As vezes penso, por que esse pesar, porque ainda me importo
As minhas entranhas borbulham algo que eu nem sei de onde…
Mais pesado que uma flor, mais denso do que tu pensas de mim, receba de mim
A cabeça perdida, milhões de devaneios bons e ruins, gentileza, sutileza atitudes pouco usadas, ousado com furor fétido, exótico que escorre em arrogância pois mudamos, mas foda-se o que os outros acham, acharão ou podem achar…Assim como o rio seguimos o fluxo dos descontentes e desorientados da mesma forma como sempre fomos.

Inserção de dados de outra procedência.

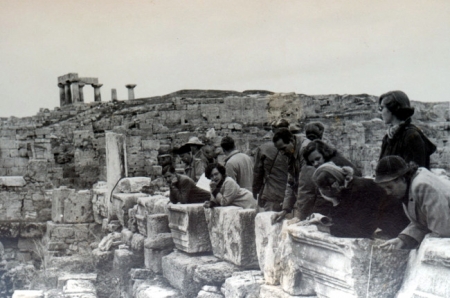 ASCSA students including Fulbrighters at Ancient Corinth, Nov. 1951. ASCSA Archives, Matthew Wiencke Collection.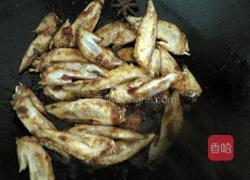 土豆闷鸡翅尖的做法图解5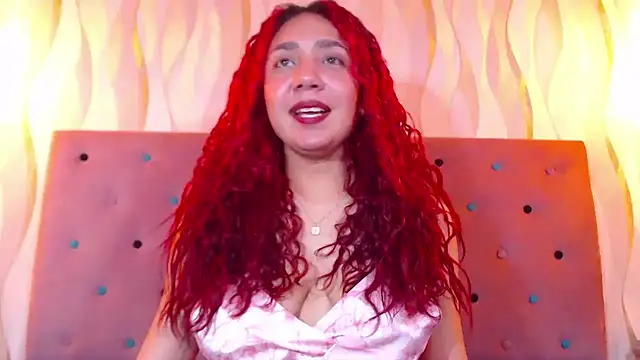 My pussy so close to the camera - video by IsabelaLatina cam model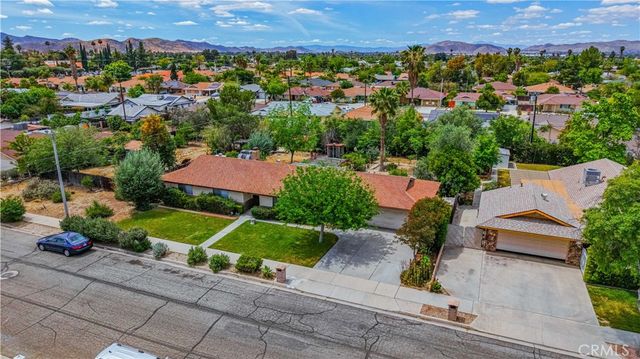 591 S Juanita, Hemet, CA 92543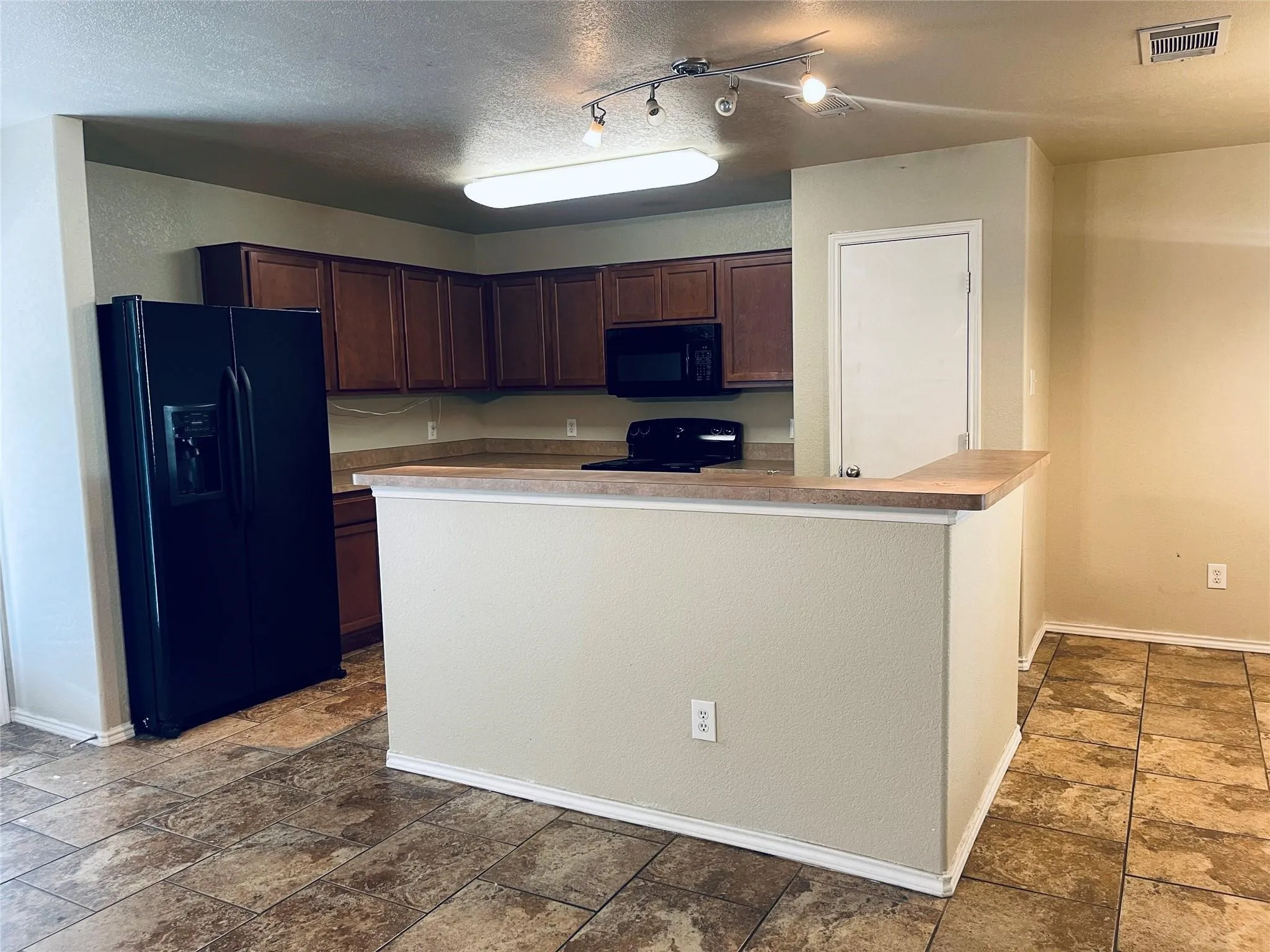Townhouse For Rent in Tarrant County , 7561 Lazy Spur Boulevard, Fort Worth, Texas 76131, 3 Bedrooms, 3 Bathrooms, 2 Garage spaces, 1,634 Sqft, built in 2008, Price $1,975, mls#21354421, Real Estate Agent in Fort Worth, Homes For Rent in Tarrant county, Homes For Rent in Fort Worth, Realtor in Fort Worth Texas, Real Estate Brokerage Independent Realty Texas, Luminita Cordes Realtor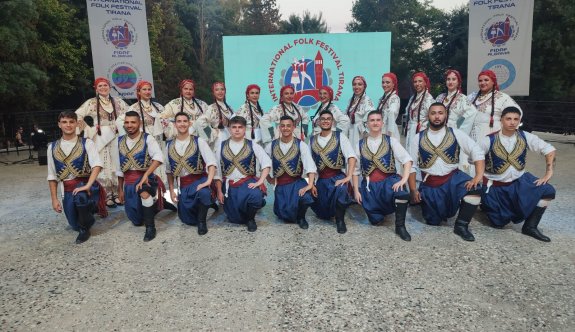 HASDER Halk Dansları Ekibi Arnavutluk'ta festivale katıldı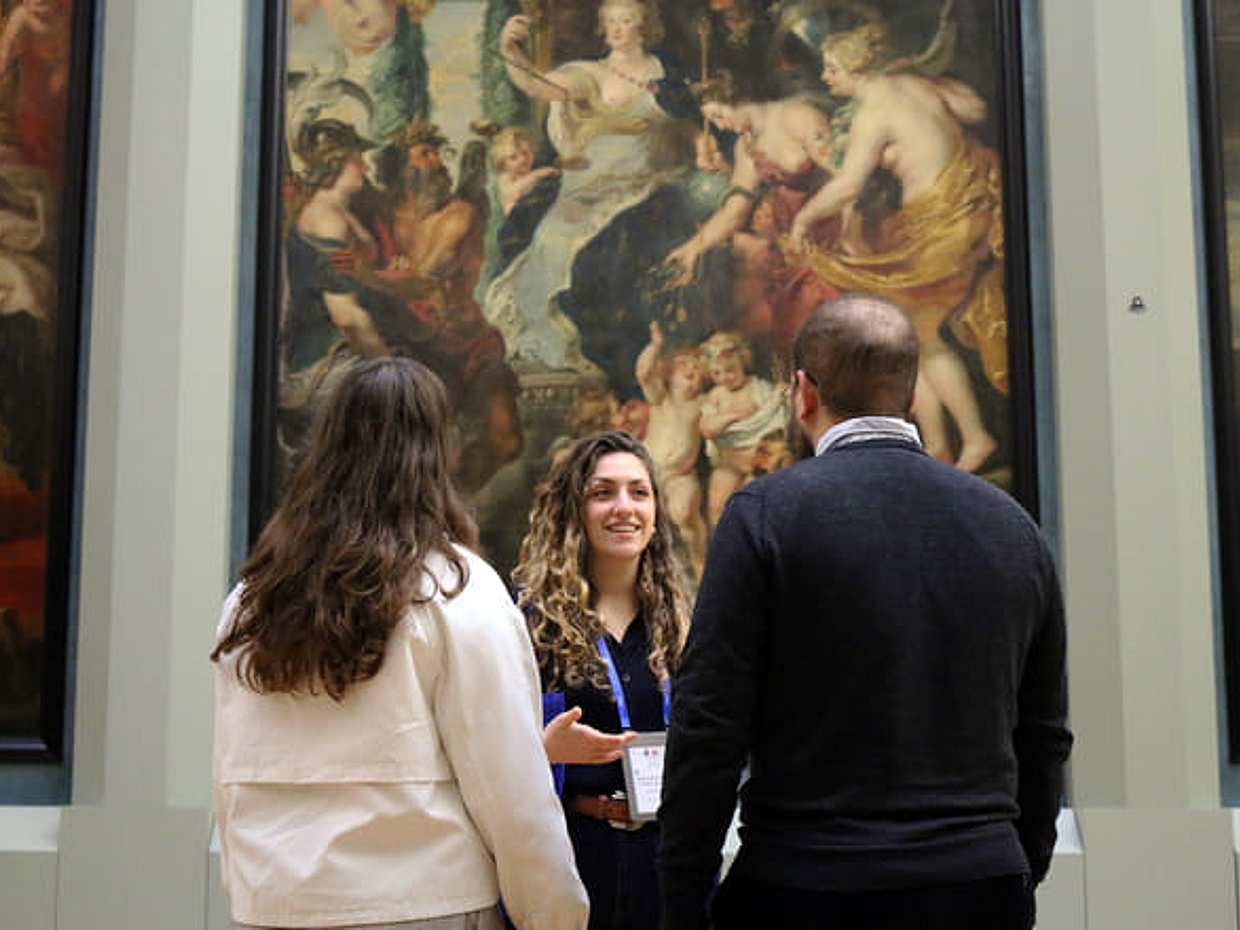 Private Louvre Tour – The Essentials and More with Expert Guide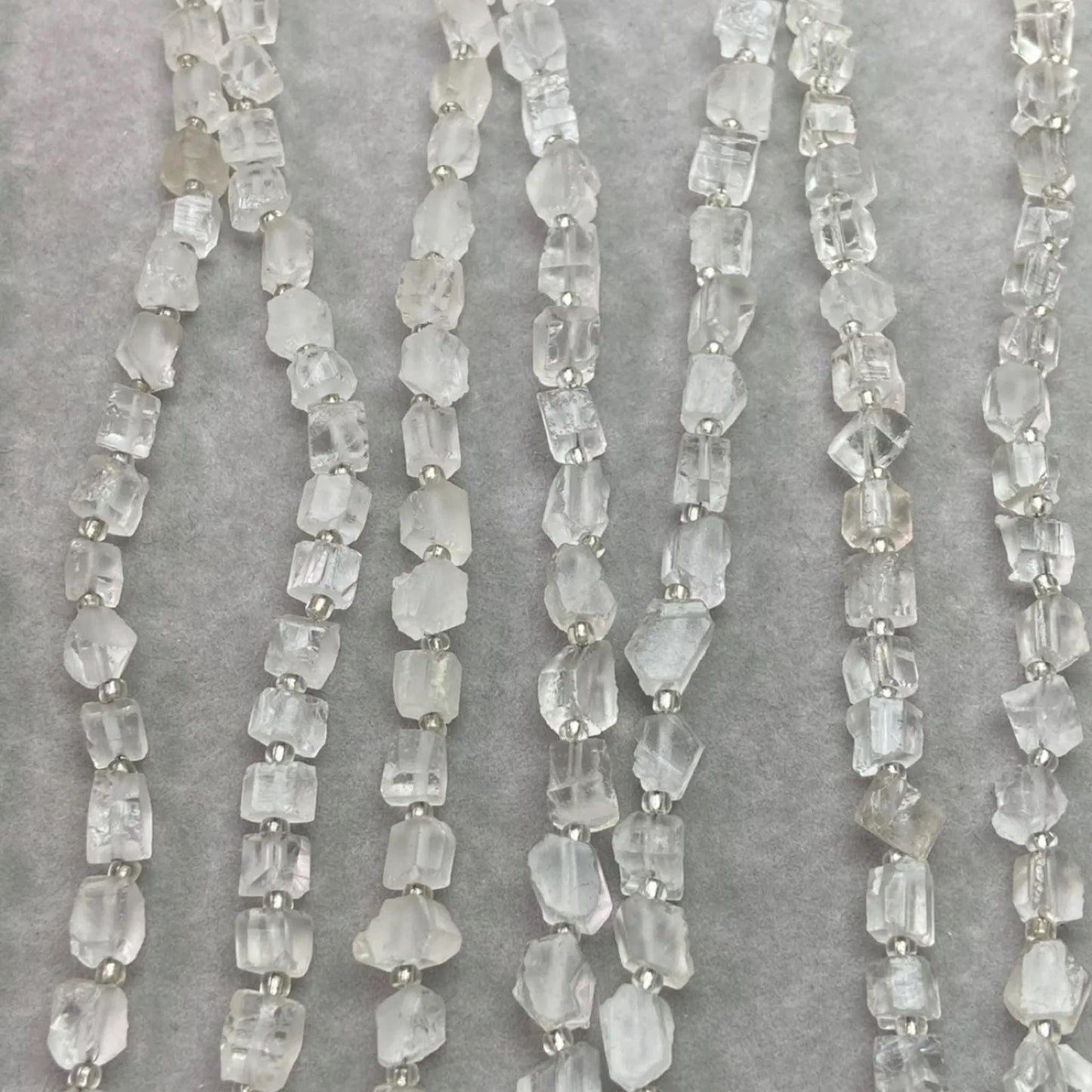 Natural Clear Quartz Cube Beads 7–8 mm · 38 cm Strand Pre-Drilled | DIY Jewelry, Energy Balance & Home Décor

De humano que me considero as vezes só queria contato
Me desculpe pelo incomodo.
Meu estomago dói, porque está carregado desta droga que ainda insiste em pairar no ar (fétido) que respiro, inspiro e transpiro exalando esse cheiro que impregna na pele profundamente tem sabor amargo, metálico, zinco, carboidrato, sujo eis me aqui a cuspir o sangue sem ao menos saber se o amor realmente existe, sem saber qual o sentido disso tudo e da vida que tanto e tantas vezes recusamos senti-la. Damos importância apenas ao vício do que os outros pensam em uma doente existência completa, deturpada e letárgica de valores duvidosos, vista pelos olhos “enfumaçados”, “embaçados” ou dilatados.
Para a nossa alegria e negação, para nossa contemplação dos nossos preconceitos que insistimos em esconder.
Ao fim dessas frases, me desculpe por não ter sido breve.